A denial of the Trinity is fundamental, for it affects one's whole perception of God in a multitude of ways. If God is unipersonal, then what does it mean for God to be love? Love is defined in the Bible in terms of self-giving, but if God is unipersonal, to whom can that one person give himself? It means that either he is not essentially love, or that the universe is necessary to God; that God could not have done other than create beings whom he could love. It challenges the doctrine of the love of God and changes it, it also challenges the independence of God, giving us a picture of a god who needs something outside of himself and upon whom is therefore laid the necessity of creating.

And despite Mr. Broderson's naive remarks, Oneness does alter the conception of Christ. According to classical Oneness teaching Christ has two personalities, a human and a divine, and when he prayed it was the human personality praying to the divine. That creates at best a schizophrenic deity, and at worst an incarnation that is not truly an incarnation at all, where the human and divine are separated to such an extent that the divine merely indwells the human, in which case I fail to see how there is a difference of anything but degree between Jesus of Nazareth and a Christian who is indwelt by the Holy Spirit. It creates huge problems for our Theology and Christology.

Where does one draw the line? The moment you start to draw it anywhere other than where the Bible has drawn it, you are in trouble. Who is a Christian? Either we say "All those who claim the name are", which Broderson does not do, or we say "all those who believe in the Christ of the Bible." There is no middle ground.

So what is going on in Broderson's statement? What is going on all over the place; based on a personal and unwritten standard people are affirming modalists as, in some sense, brothers in Christ. Well, I am having none of it. If a fellow will not confess the Apostles' Creed I will not baptize him, and I cannot affirm as a brother in Christ a person whom I could not baptize. Nor can I share the Communion with him, and so again, he is not a brother in Christ.

That does not mean I could not call him a friend, or like him; I have never met a Unitarian I did not like, and I parted from the last Jehovah's Witness I had any interaction with on the best of terms, but we are quite clear; the Unitarians and I, the JW and I, may be friends, but we can never call one another brethren. We certainly cannot call one another Christians

Tuesday, January 24, 2012

A Note on Changed Lives

Doing some research into our Church's history, I came across this article in the magazine of the denomination we used to belong to in the 1930s. It is instructive, particularly given that the Bethel Society had Pentecostal roots.

A Note on “Changed Lives”
Can Satan Change Lives?

Practically every 'modern' movement seems able to produce 'changed lives', so that the true believer is apt to be considerable puzzled. Cults such as Christian Science and Spiritualism most certainly have men and women whose lives have been transformed into characters of beauty. Surely evil could not produce such fruits?
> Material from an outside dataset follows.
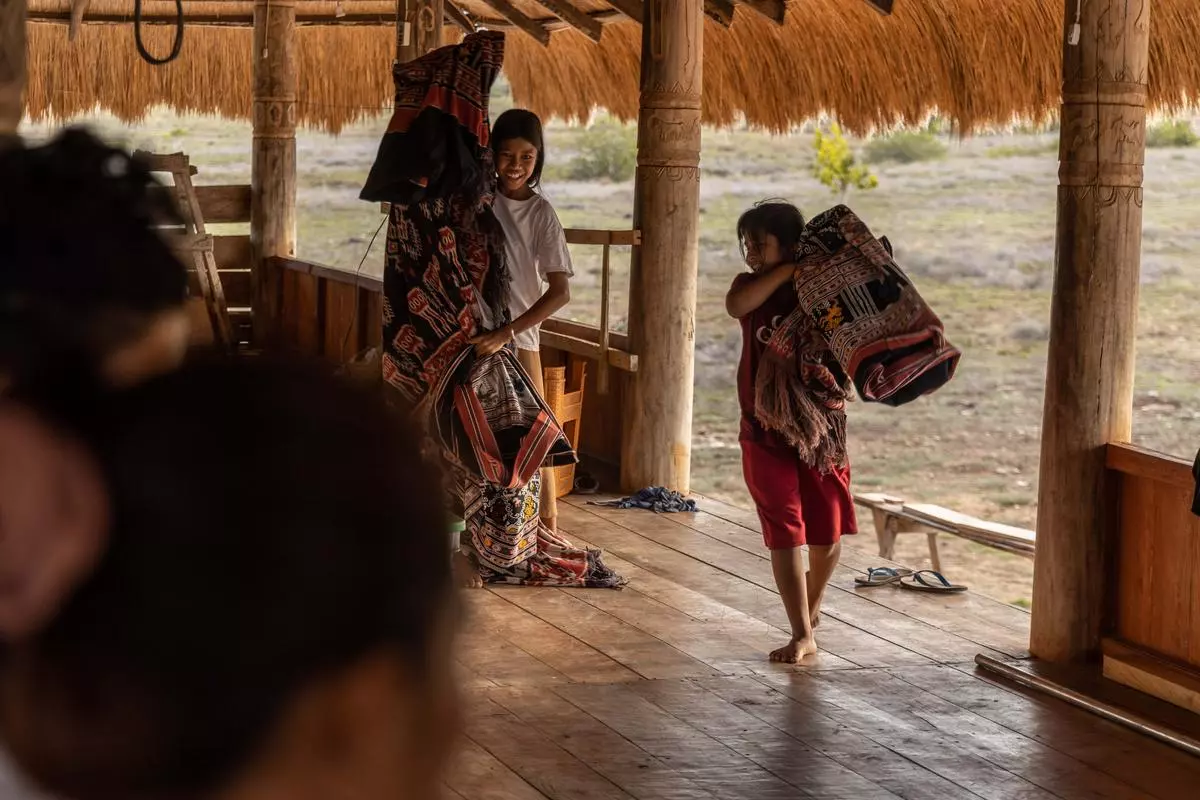 Children helping out at the community weaving centre.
Many think therefore that though such cults (and there are many others!) may contain plenty of error in doctrine etc., yet Christ must be dwelling in the lives of many of the adherents who are so clearly living the life of kindness, unselfishness and peace. Is it possible that Satan can change lives?

Some years ago the Sunday School Times published the testimony of a Christian woman who had been remarkably delivered in answer to prayer from the Satanic cult of Bahaism. When she first accepted the teachings of this cult, there came into her life a wonderful peace and quietness, and she had a remarkable control over her children that she had never had before. Please note that her life was 'changed' – but not by Christ. Finally she was delivered and entered into the 'fulness of the blessing of the Gospel of Christ' – and knew the meaning of the fruit of the Spirit, but not before.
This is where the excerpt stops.